If contention and process placement do not have significant impact on
performance, than the Experiment B and C results will show the same optimal
protocols but less relative variation than Experiment A. (Experiments B and C
will have increased runtime compared to A, due to the communication costs
arising from the fixed parallel algorithm). If contention or process
placement are important, then the performance variablity may increase
for Experiments B and C, or the optimal protocols may differ between
Experiments A, B, and C.
If results for more than one message-passing library are provided for a
given platform, then performance differences between the libraries are
discussed. In particular, we compare the optimal protocols, the
sensitivity to choice of protocol, and the sensitivity to contention and
process placement.
Note that timings are for the entire code, and that percentage differences in
communication costs will generally be much higher than the percentage
differences in total runtime reported for comparable tests cases.
Changing the communication protocols does not change the complexity of the
runs and does not significantly change the total amount of data moved.
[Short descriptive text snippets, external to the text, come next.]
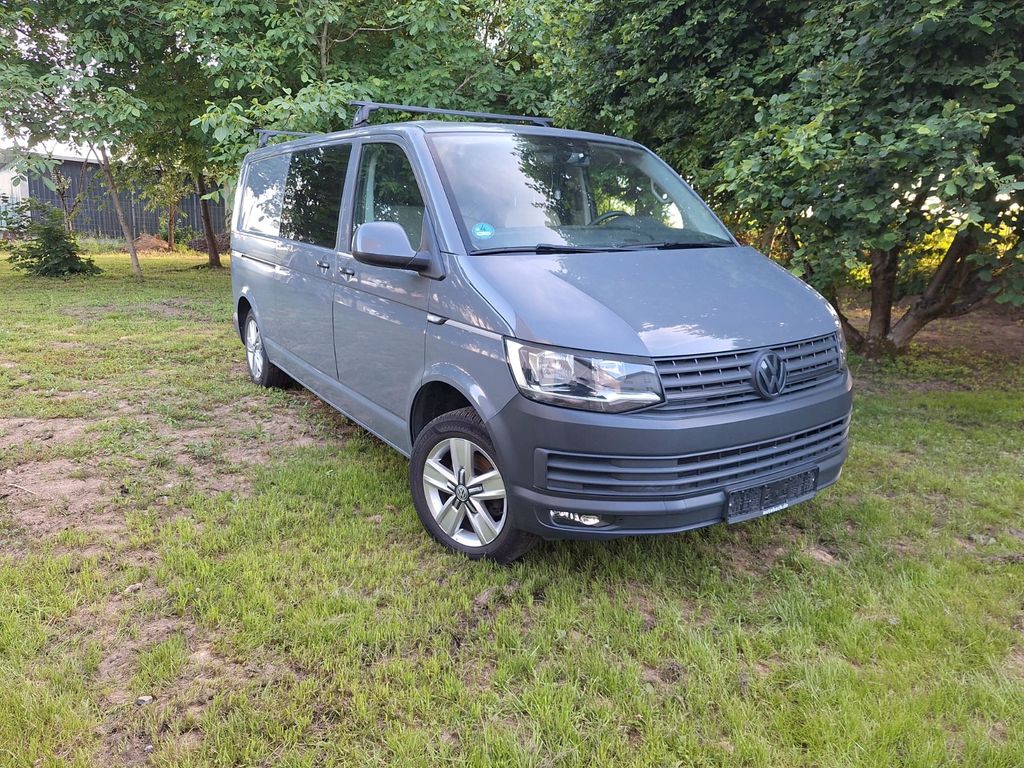 Image of Volkswagen T6 Transporter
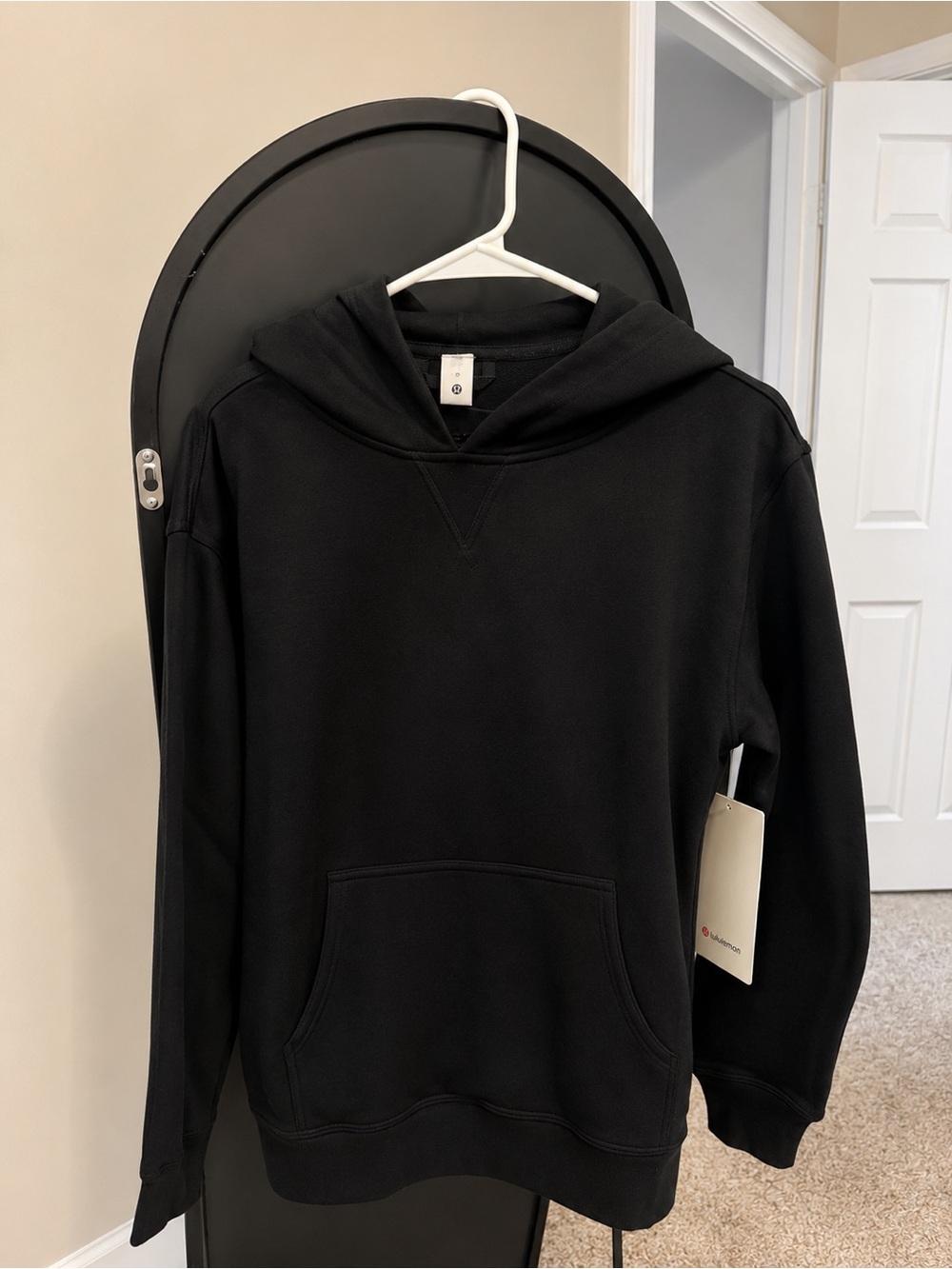 Black Hoodie Sweatshirt - lululemon athletica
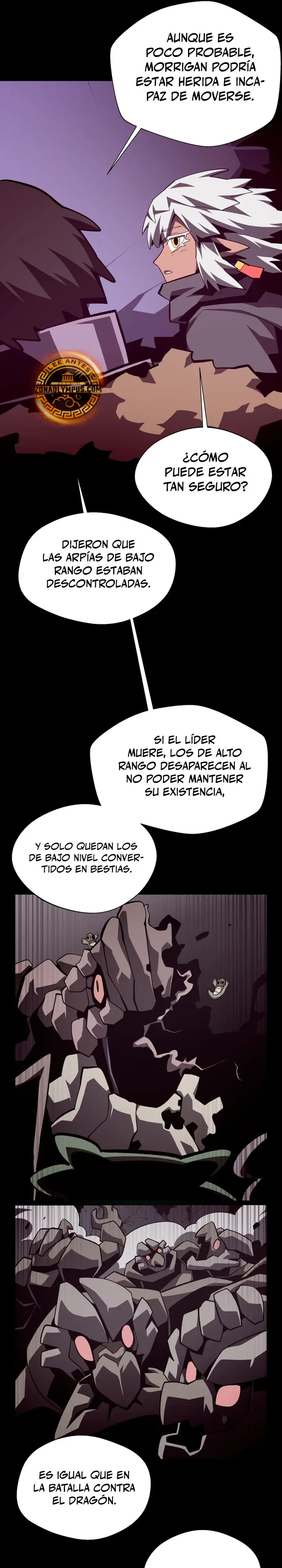 Odisea en la Mazmorra Capitulo 158 página 24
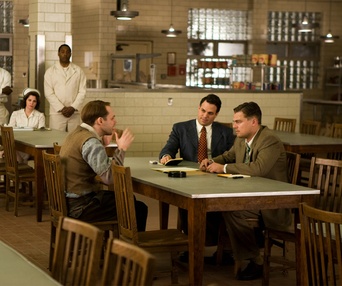 Scène du film Shutter Island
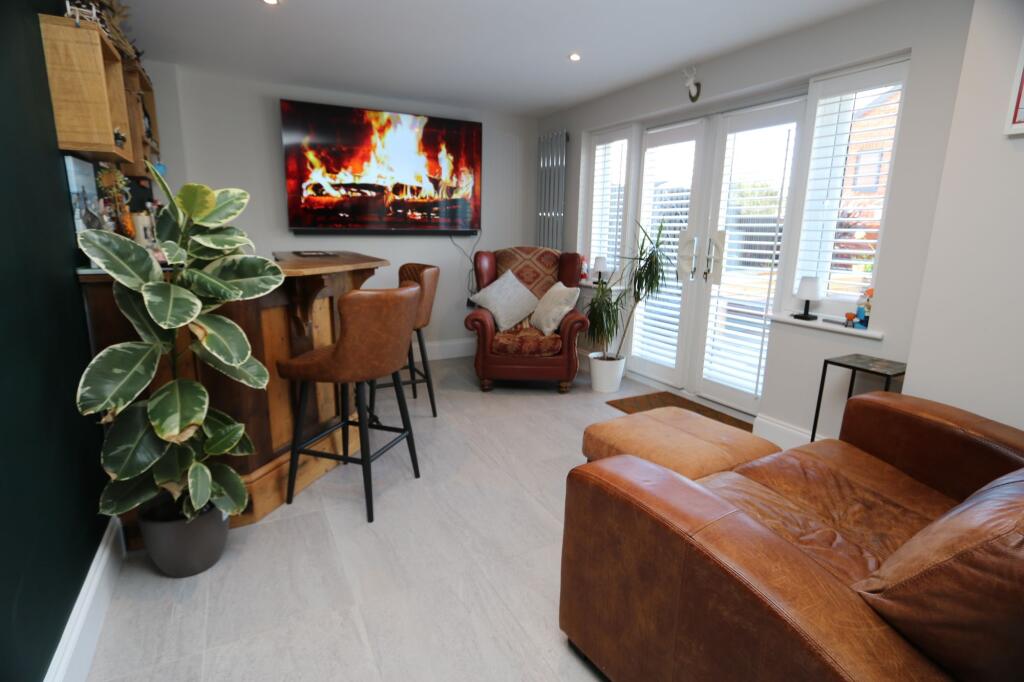 Social Kitchen Dining Room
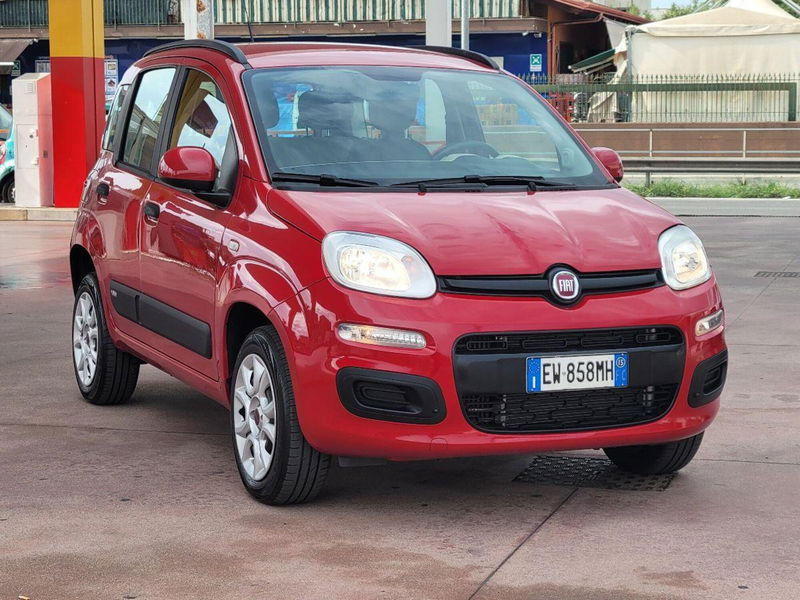 Fiat Panda 0.9 TwinAir Turbo Natural Power Pop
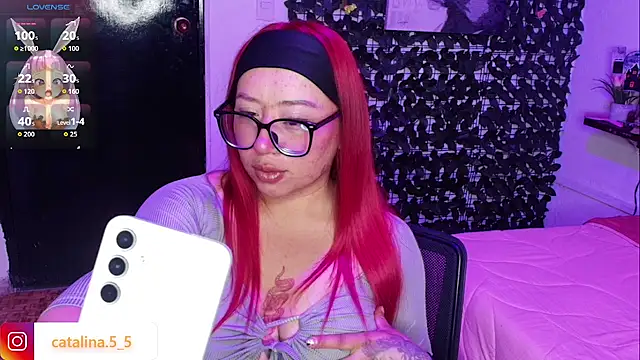 Kata Bigboobs online show from 23, 11, 2025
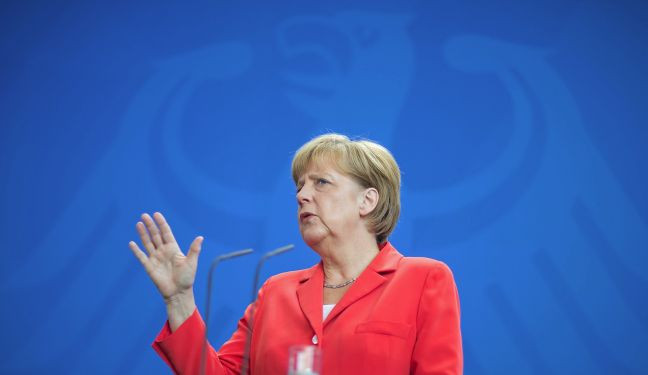 Μέρκελ: Το ΝΑΤΟ θα προστατεύσει τις χώρες της Βαλτικής
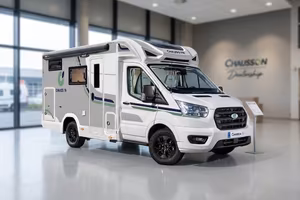 Chausson S 614 TITANIUM LINE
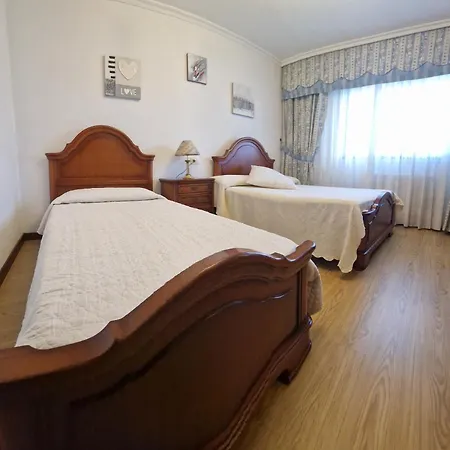 Casa Celia Camino Portugues 홈스테이 *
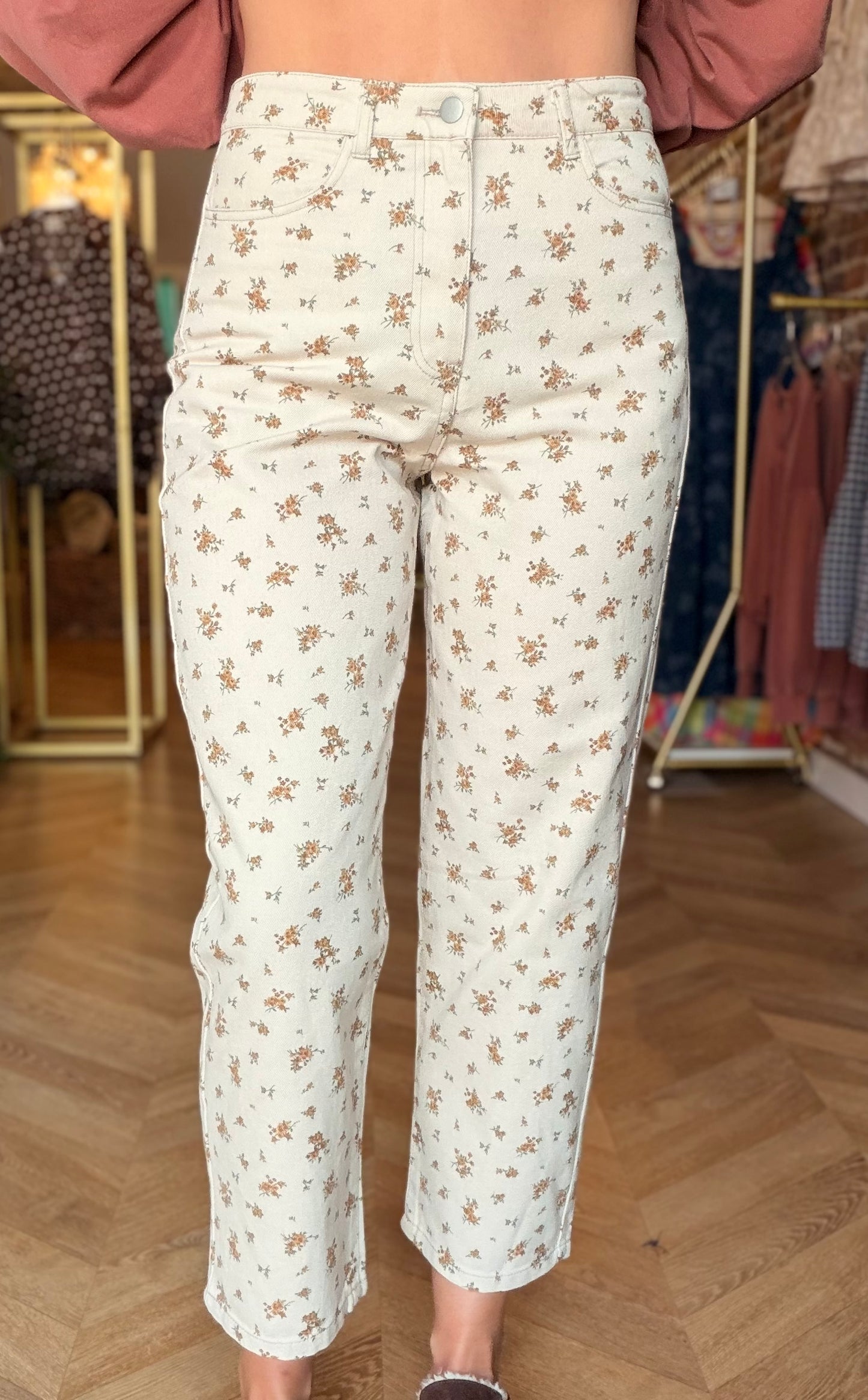 The Taylor Jeans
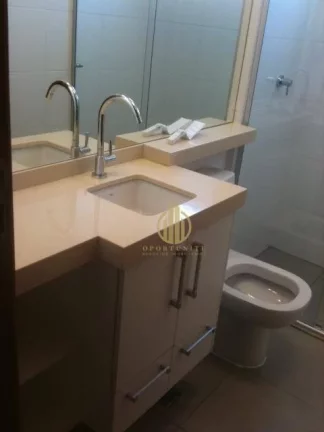 Imagem Apartamento 3 dorm 1 Suíte à venda, 95 m² - Jardim Irajá - Ribeirão Preto/SP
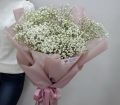 Букет из гипсофилы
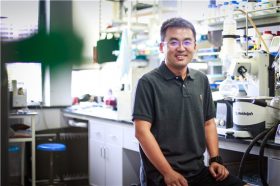 弘揚科學家精神：哪一次選擇讓這位80后如此“硫”連忘返？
What is affected is the number and order of handshaking messages, and whether
bidirectional bandwidth or communication/computation overlap are attempted.
The one case where the computation may be affected is the distributed FFT
dfft. In order to exploit overlap, the block FFT is divided into two
blocks. On some machines and with some problem granularities, transforming
two small blocks results in a higher computational rate than transforming a
single large block. This should be taken into account when comparing
dfft protocols.
Also note that when comparing between platforms, the sensitivity is a strong
function of the communication/computation ratio, and a platform
with a slow processor may show significantly less performance sensitivity
than one with a fast processor. Thus high performance sensitivity to the
communication protocol is more of a feature than a bug, but it is a feature
that should be recognized if goos performance is to be achieved.